§ **Given data**
####################
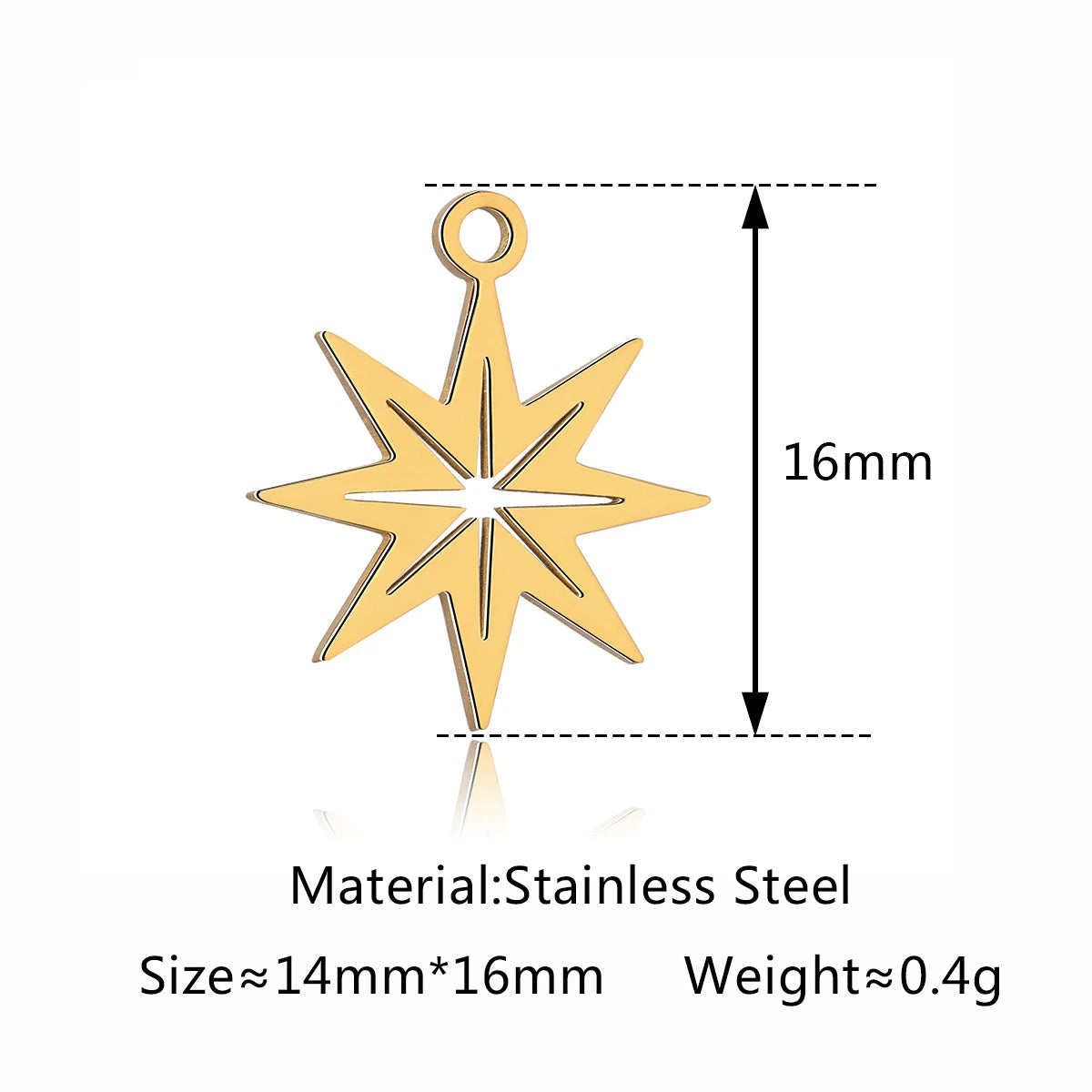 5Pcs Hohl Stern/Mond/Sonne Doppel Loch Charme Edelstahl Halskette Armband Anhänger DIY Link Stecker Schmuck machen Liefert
####################
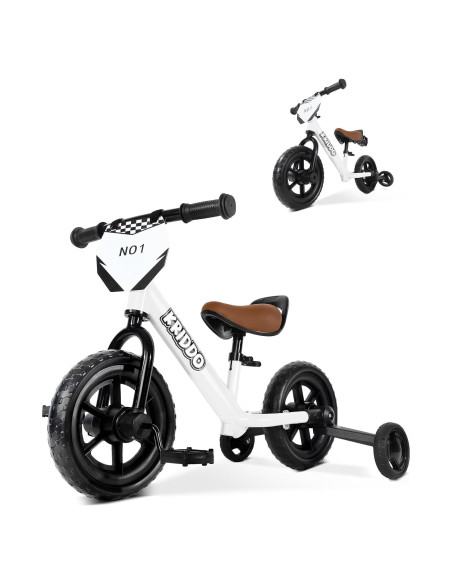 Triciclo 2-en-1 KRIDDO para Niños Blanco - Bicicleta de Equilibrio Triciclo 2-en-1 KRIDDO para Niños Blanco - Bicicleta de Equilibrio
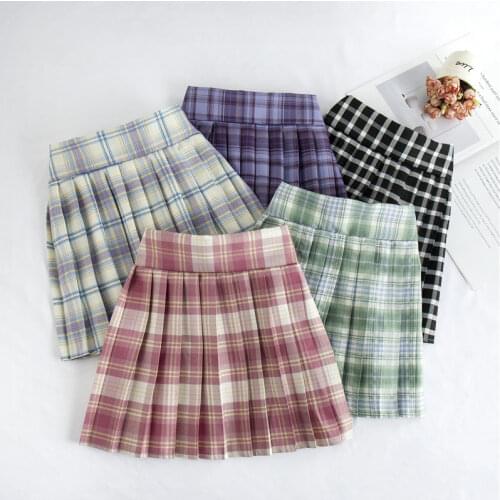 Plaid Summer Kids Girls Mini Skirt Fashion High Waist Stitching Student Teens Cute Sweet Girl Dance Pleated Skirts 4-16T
####################
§ **Task requirements**
A clean copy is needed of the lines above from the one with "de Equilibrio Triciclo" up to and including the one with "Plaid Summer Kids". Please set it down exactly, with no pictures.

§ **Written solution**
 Triciclo 2-en-1 KRIDDO para Niños Blanco - Bicicleta de Equilibrio Triciclo 2-en-1 KRIDDO para Niños Blanco - Bicicleta de Equilibrio
 Plaid Summer Kids Girls Mini Skirt Fashion High Waist Stitching Student Teens Cute Sweet Girl Dance Pleated Skirts 4-16T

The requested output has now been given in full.